We remember 1982 and this is no 1982. Then, fiduciary excesses had been squeezed hard by high interest rates. We'd seen a rate peak and the resultant stock market boom was built on renewed easy money that ran all the way (with some interruptions) until 2000.
There's nothing like that this time around. There's been no gold miner blowoff. There's been no interest rate peak. We're still in the middle of a golden bull and an equity bear. And thus, they can run the stock market up hard via money printing but surely that's going to spark considerable price inflation and place a big gap between the real economy and the "money" economy.
So we're not certain that this bull market – if they manage to ignite it, and it looks like they will – is going to act like a normal market from a historical perspective.

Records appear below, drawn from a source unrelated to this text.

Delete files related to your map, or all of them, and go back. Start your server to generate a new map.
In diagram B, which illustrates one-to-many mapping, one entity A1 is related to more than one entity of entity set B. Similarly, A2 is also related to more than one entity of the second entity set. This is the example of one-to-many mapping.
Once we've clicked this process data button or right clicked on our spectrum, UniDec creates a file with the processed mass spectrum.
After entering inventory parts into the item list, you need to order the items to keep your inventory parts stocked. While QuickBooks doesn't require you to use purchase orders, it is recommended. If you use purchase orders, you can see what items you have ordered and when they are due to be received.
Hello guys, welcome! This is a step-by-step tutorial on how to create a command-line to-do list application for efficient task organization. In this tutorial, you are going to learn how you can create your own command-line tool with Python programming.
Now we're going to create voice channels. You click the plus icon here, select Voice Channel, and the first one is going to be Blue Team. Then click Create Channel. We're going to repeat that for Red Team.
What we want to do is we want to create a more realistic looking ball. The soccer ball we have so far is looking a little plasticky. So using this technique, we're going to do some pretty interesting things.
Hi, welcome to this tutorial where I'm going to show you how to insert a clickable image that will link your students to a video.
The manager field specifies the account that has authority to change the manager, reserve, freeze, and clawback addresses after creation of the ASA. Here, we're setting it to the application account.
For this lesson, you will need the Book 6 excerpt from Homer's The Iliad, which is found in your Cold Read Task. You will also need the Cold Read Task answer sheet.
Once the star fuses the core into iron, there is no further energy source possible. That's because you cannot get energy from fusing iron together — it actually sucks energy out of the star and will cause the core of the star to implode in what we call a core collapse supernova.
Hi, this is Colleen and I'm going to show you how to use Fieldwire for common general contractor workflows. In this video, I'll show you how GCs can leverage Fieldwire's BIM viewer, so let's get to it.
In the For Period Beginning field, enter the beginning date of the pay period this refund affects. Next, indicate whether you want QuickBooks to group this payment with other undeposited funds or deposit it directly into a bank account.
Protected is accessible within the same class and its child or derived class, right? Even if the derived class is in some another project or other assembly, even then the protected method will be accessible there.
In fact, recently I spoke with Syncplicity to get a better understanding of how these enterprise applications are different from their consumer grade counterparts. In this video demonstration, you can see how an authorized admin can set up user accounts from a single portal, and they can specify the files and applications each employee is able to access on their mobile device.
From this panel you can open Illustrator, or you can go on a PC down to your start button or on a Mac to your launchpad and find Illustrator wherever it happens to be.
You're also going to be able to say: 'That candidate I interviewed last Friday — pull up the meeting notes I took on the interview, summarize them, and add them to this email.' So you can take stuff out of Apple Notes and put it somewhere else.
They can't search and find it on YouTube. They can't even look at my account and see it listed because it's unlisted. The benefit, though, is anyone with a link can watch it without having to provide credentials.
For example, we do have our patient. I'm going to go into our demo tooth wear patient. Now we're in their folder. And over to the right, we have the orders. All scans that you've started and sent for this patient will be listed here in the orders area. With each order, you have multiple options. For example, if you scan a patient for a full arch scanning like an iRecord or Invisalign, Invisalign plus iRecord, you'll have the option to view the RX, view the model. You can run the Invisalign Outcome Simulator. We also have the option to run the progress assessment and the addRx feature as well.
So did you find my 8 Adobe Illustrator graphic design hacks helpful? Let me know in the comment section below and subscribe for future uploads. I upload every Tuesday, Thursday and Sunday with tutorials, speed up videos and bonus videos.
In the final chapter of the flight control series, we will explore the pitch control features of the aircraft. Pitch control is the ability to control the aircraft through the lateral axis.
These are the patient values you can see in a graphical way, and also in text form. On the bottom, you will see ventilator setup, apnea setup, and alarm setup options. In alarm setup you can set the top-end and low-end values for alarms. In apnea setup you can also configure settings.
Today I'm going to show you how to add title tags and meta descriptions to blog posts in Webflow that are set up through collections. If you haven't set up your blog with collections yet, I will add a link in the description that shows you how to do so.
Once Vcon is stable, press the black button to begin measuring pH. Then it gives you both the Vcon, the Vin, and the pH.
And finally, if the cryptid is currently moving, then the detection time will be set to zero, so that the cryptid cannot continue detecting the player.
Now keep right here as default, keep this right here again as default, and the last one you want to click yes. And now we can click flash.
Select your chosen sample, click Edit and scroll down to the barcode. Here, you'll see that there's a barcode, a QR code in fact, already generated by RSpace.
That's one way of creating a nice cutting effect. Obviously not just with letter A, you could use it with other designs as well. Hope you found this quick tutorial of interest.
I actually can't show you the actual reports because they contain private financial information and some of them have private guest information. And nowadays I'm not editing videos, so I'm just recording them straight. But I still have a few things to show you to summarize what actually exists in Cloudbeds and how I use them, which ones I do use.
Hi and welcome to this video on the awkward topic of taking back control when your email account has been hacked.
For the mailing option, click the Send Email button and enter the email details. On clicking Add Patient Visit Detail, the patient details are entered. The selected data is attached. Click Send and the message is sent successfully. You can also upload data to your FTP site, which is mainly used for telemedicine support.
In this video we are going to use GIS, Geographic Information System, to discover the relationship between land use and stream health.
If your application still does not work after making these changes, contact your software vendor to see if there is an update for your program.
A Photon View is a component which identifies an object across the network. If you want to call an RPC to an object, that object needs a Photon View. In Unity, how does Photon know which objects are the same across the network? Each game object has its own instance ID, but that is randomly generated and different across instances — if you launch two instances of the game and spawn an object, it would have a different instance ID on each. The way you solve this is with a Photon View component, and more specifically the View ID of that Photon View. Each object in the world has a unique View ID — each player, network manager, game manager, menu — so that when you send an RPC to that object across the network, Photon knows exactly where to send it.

We figure the elements are in place for them to boost averages powerfully but this is still a kind of pre-op coronary patient … being kept alive by big infusions of adrenaline.
The JOBS Act is in place and the product is in the pipeline. The small cap and IPO markets are primed. Fracking promises cheap and plentiful energy – that's what they say, anyway.
Somebody's going to make an awful lot of money – and fast – if this market goes up as planned. (And they do seem to be planning it.) But it could go down again fast and hard. Timing will be important.
You'll have to find truthful prognosticators and valid products if you're going to play this game.